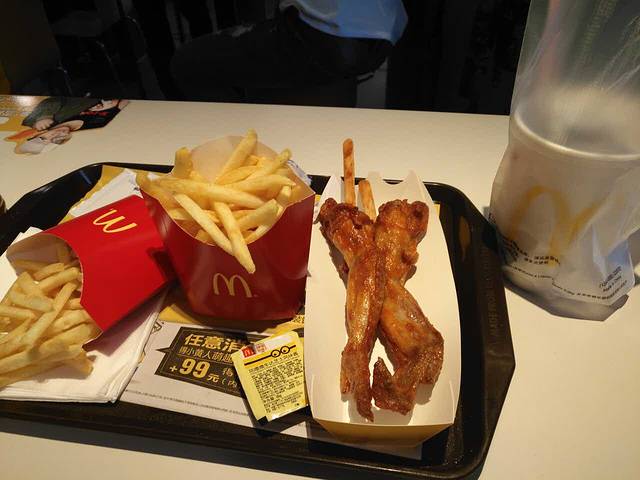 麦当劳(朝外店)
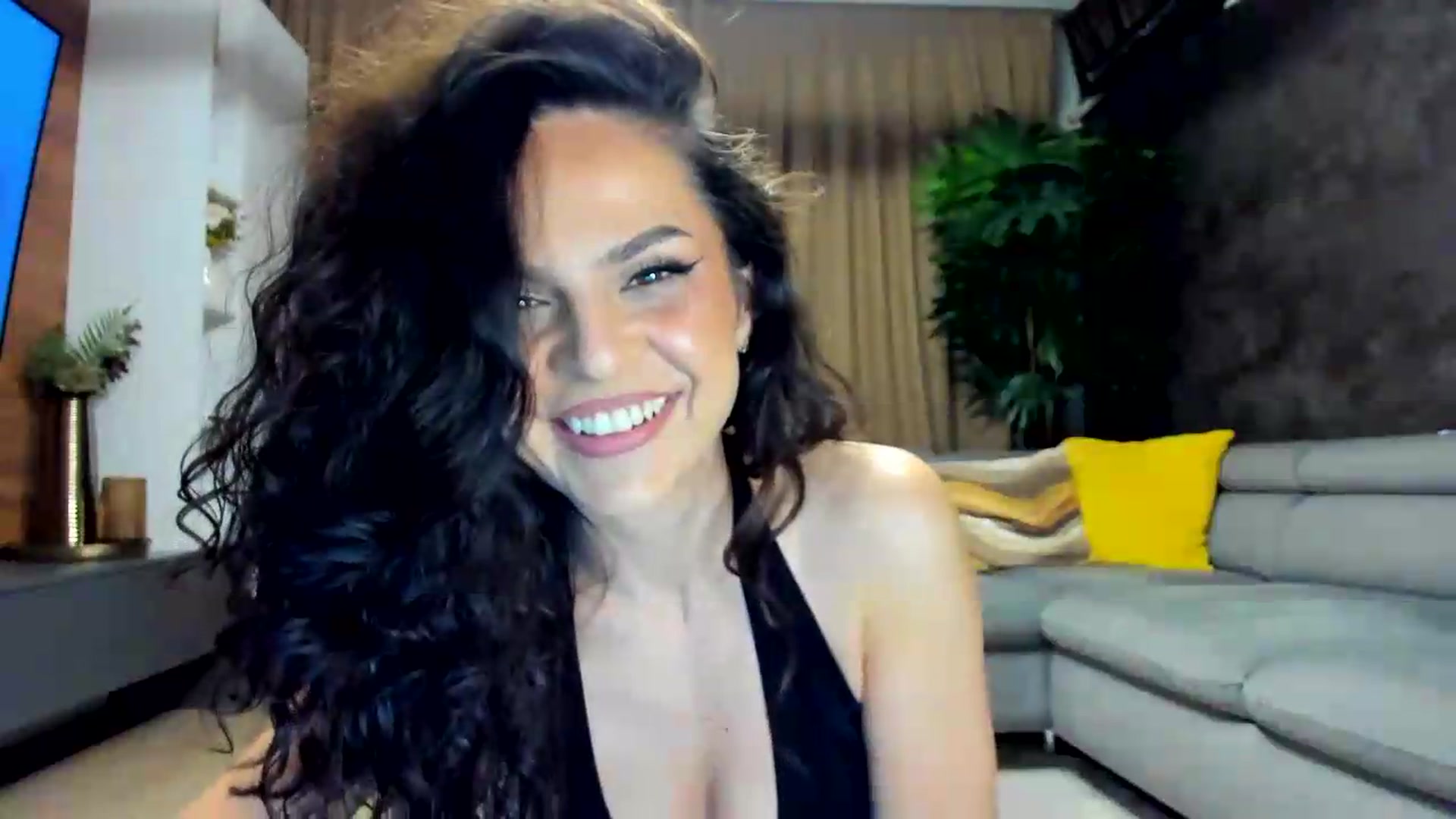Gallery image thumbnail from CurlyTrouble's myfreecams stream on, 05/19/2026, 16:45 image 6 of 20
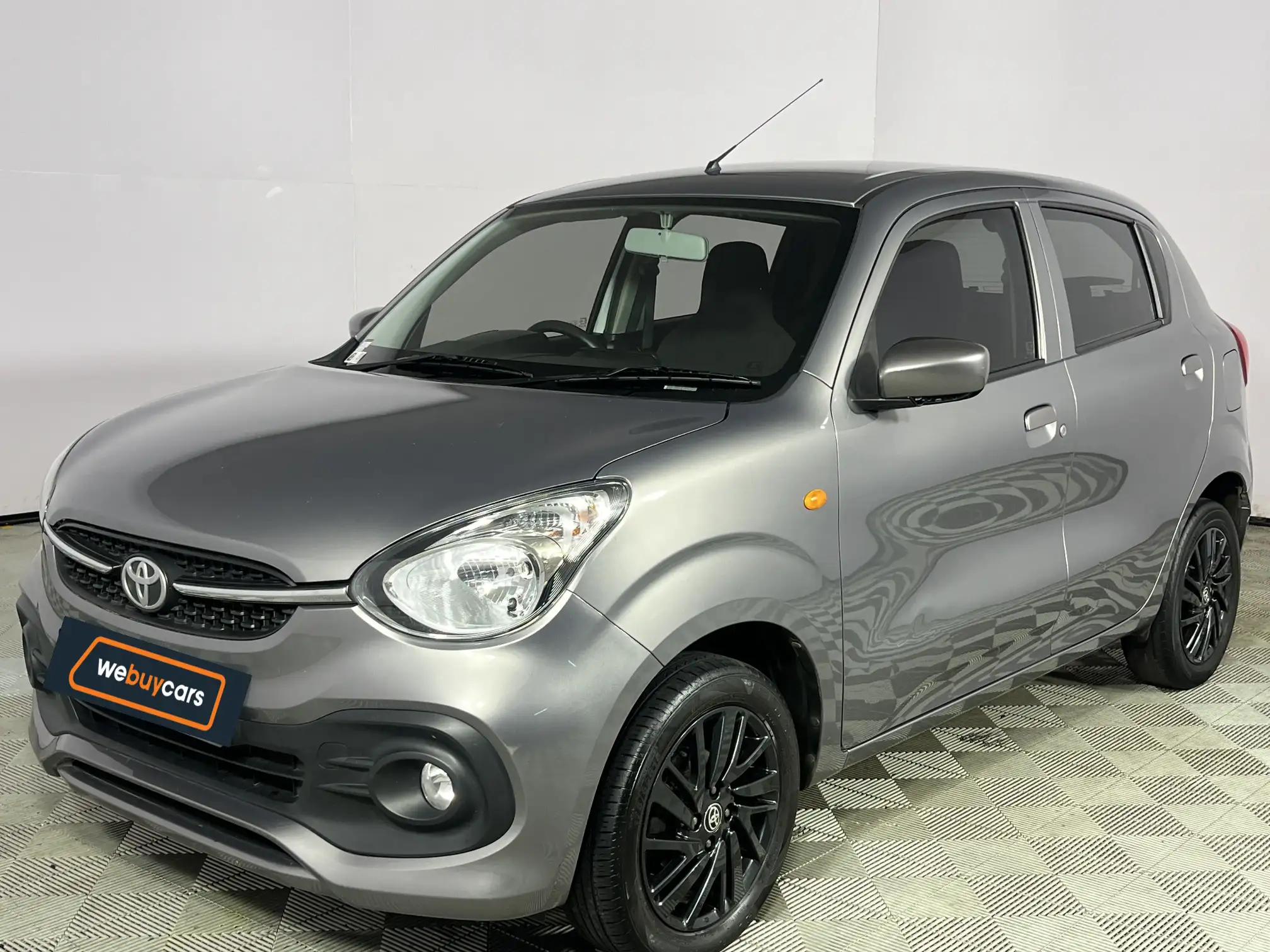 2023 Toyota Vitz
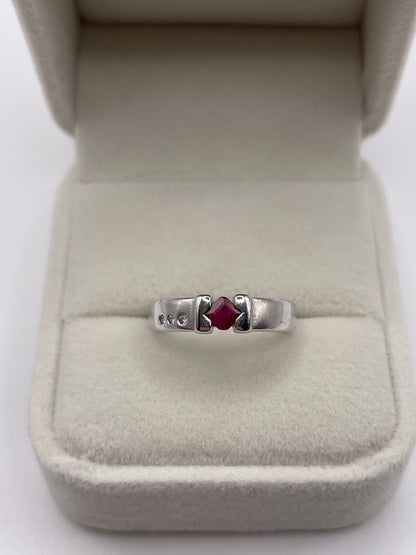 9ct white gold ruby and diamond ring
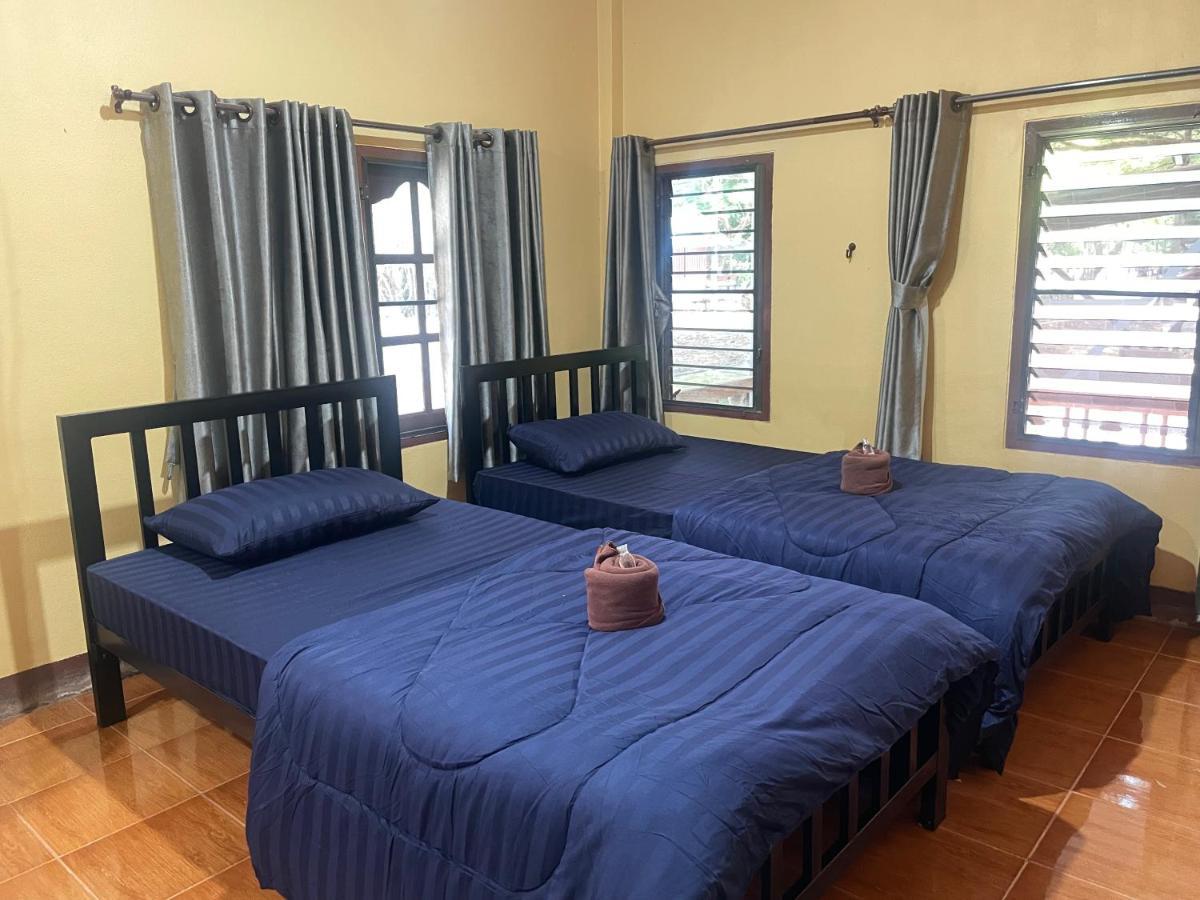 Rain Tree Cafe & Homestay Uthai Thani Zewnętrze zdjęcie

# Task item
Return every line of the records exactly as given, pictures excluded.

# Response area
 麦当劳(朝外店)
Gallery image thumbnail from CurlyTrouble's myfreecams stream on, 05/19/2026, 16:45 image 6 of 20
 2023 Toyota Vitz
 9ct white gold ruby and diamond ring
 Rain Tree Cafe & Homestay Uthai Thani Zewnętrze zdjęcie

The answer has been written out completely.